So I’m starting to look at our next trip and am poking around online and have already encountered the exchange I hear over and over. Person A on a travel forum asks: “what do you know about this [nice] hotel?” and person B responds, “Well, I’ve never stayed there. I prefer more authenticity.”
This theme pops up over and over among travelers, the idea that the cheaper your room, the more cred you have as a real traveller. It’s more authentic, people say, closer to real life, a truer experience, not so sterile.
Well, I’ve stayed in my share of hostels, guesthouses with concrete beds and paper walls, and other budget lodgings lacking anything from hot water to AC to heat. And I’ve stayed (via Hotwire, points, or any other means I can rummage up) in posh hotels. And I have to say. When I’m far from home, figuring out my way around a foreign city, feet aching, and brain a bit tired at the end of a day, there is nothing like returning to a cushy bed, soft towels, and a shower with hot water and good pressure. And sound-proof windows. Without a halfway decent night’s sleep while traveling, nothing else matters. All the sights I came thousands of miles and spent thousands of dollars to see will blur together into a foggy string of places where I look for a place to sit down.

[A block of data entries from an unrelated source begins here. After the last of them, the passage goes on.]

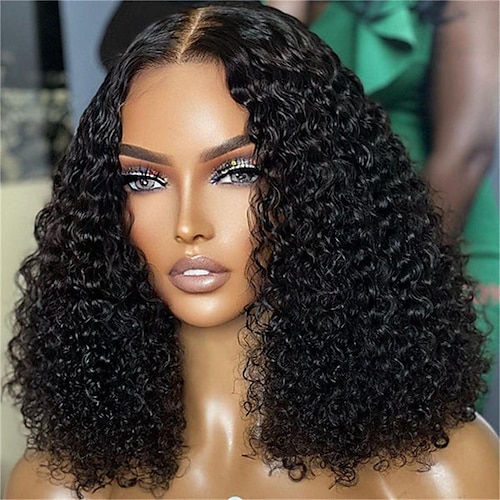 

Glueless lace Wig Kinky Curly Neck Length 5x5 Undetectable Lace Wig Natural Hairline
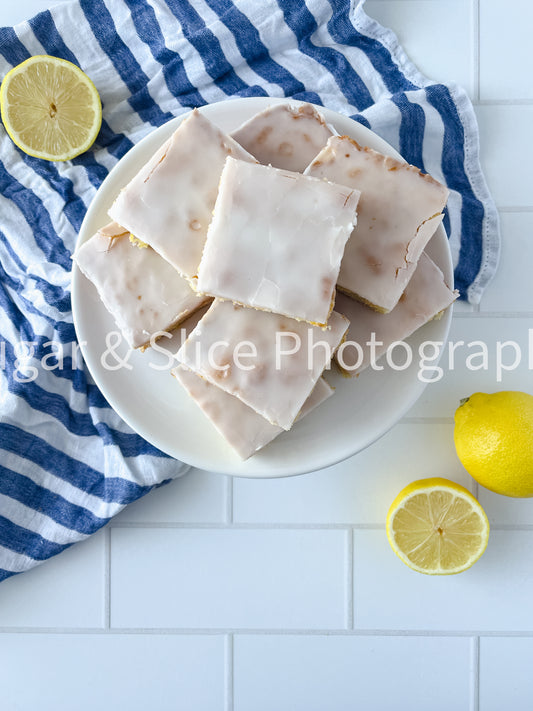 Gluten Free Lemon Brownies on White Ceramic Tile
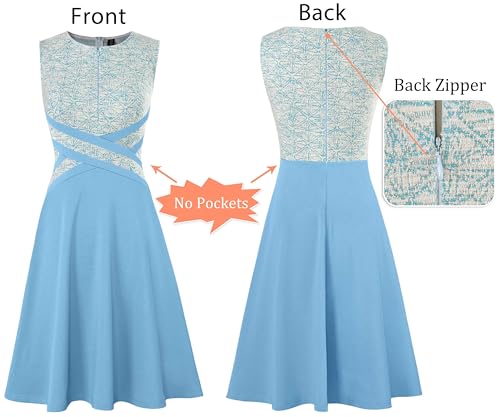 Image of VFSHOW Womens Front Zipper Work Business A-Line Dress Elegant Professional Office Career Church Fit and Flare Skater Dresses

Yes, the guest house owners of some places we’ve stayed have been among the highlights of our travels. But others were just as anonymous as the concierge behind the desk in the sparkling lobby of the name brand hotel. Either way, I’m paying to stay in a lodging full of other people from elsewhere, staffed by locals paid to tend to me.

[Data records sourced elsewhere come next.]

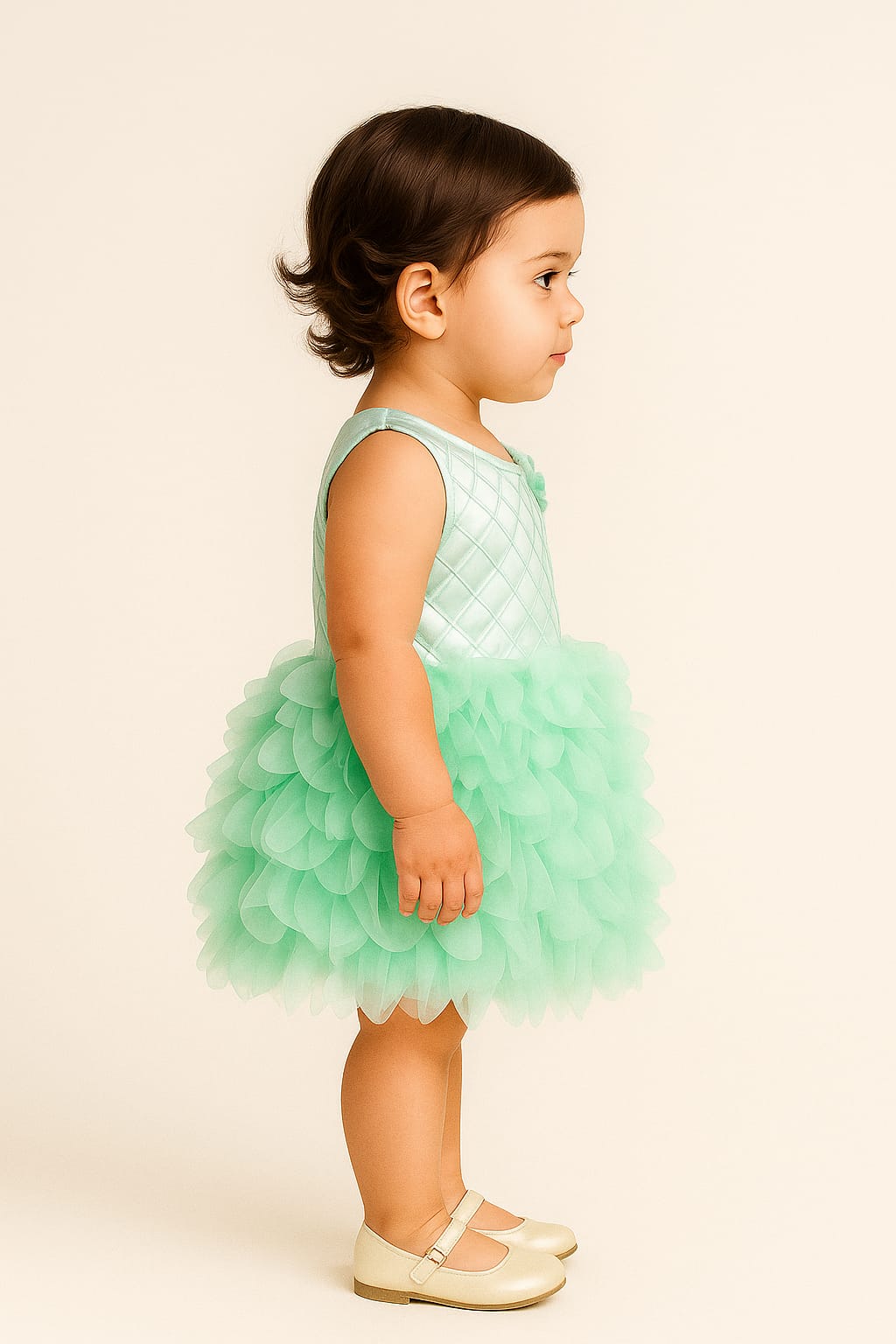 Silakaari Naima Kids Floss Sleeveless Party Balloon Organza Frock For Girls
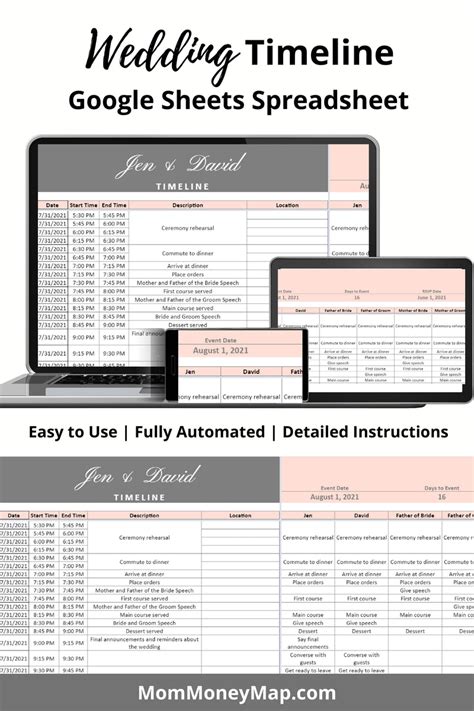 Wedding Day Timeline Google Sheets Spreadsheet – Mom Money Map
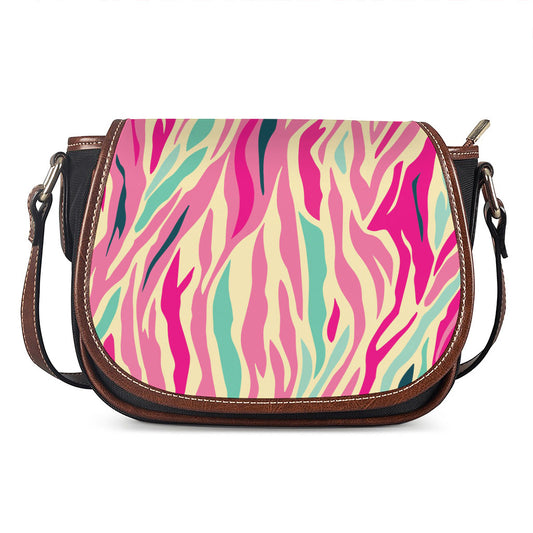 Pastel Zebra Pattern Print Saddle Bag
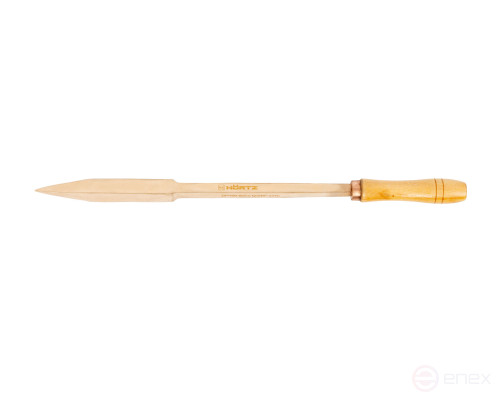 Triangular scraper 20x440 mm wooden handle intrinsically safe 224C-1002 BeCu, HORTZ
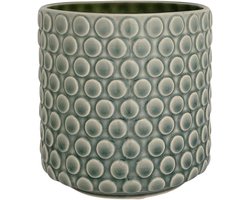 Retro Sierpot - Vintage Plantenpot - Kamerplanten Decoreren - Gekerfd Patroon - 125 cm Diameter - Groen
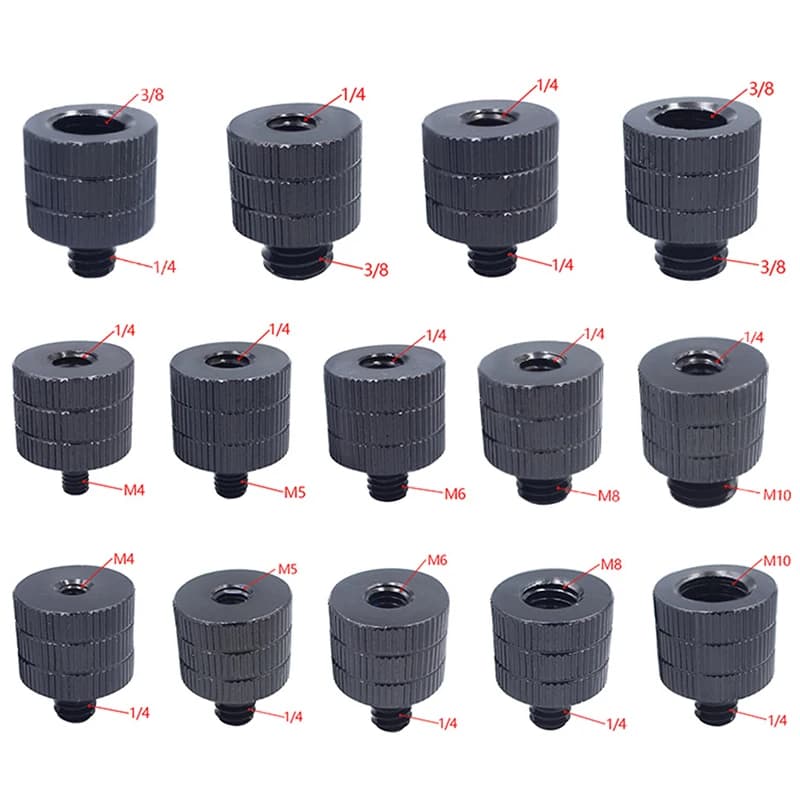 1/4 To M4M5 M6 M8 M10 Conversion Screw 3/8" Male To Female Thread Screw Mount Converter Adapter Standard 1/4 Mount Adapter Screw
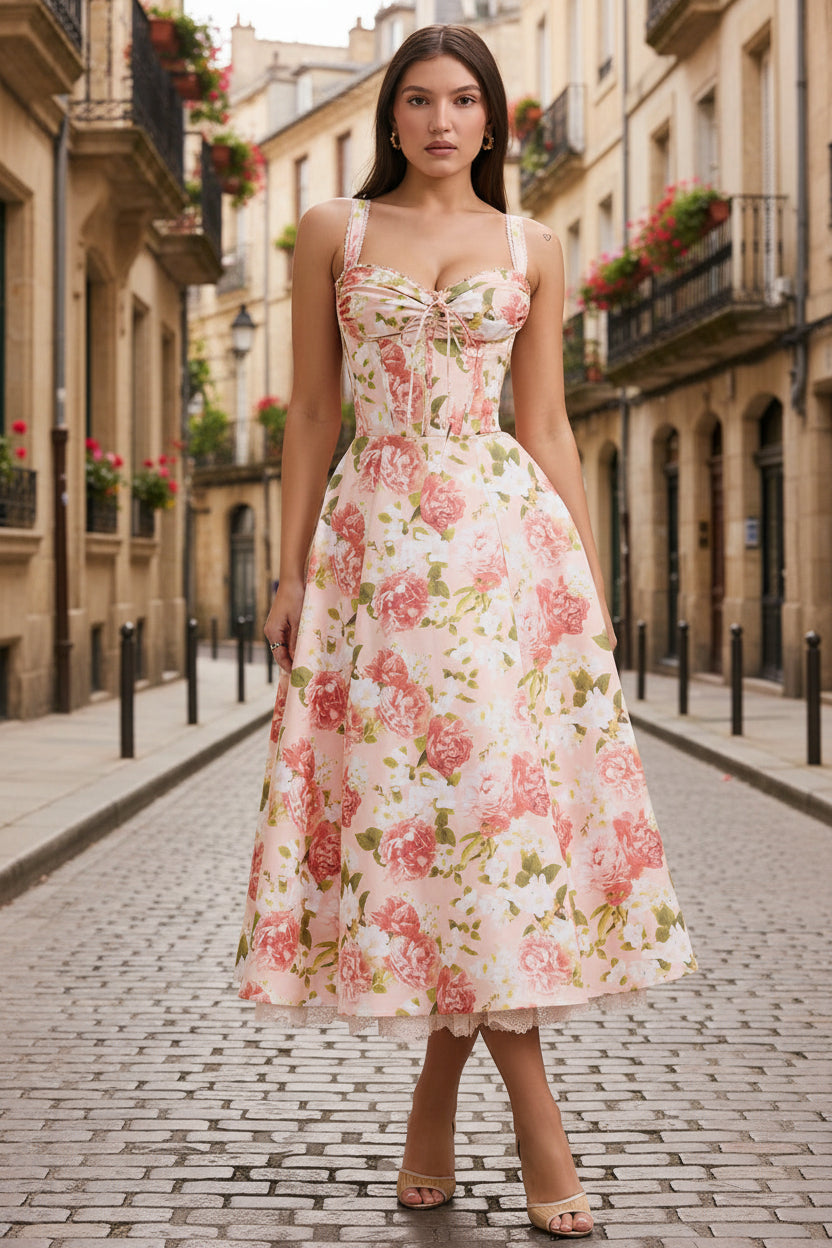 Soft Structure Floral Corset Midi Dress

Unless you’re staying with friends or family (which we’ve also done!), you’re a customer. And customers in a fancy hotel who step out the door and plunge into adventure are no less of a traveller than those who toss and turn in a budget inn, kept awake all night by fire alarms and banging doors (like our stay at the Leinster Inn hostel in London nine years ago).
In the end, I’m not in a city for the room. I’m there for the full experience – to see, taste, smell and otherwise immerse myself in the life of another world. A robe and slippers at the end of the day is just icing.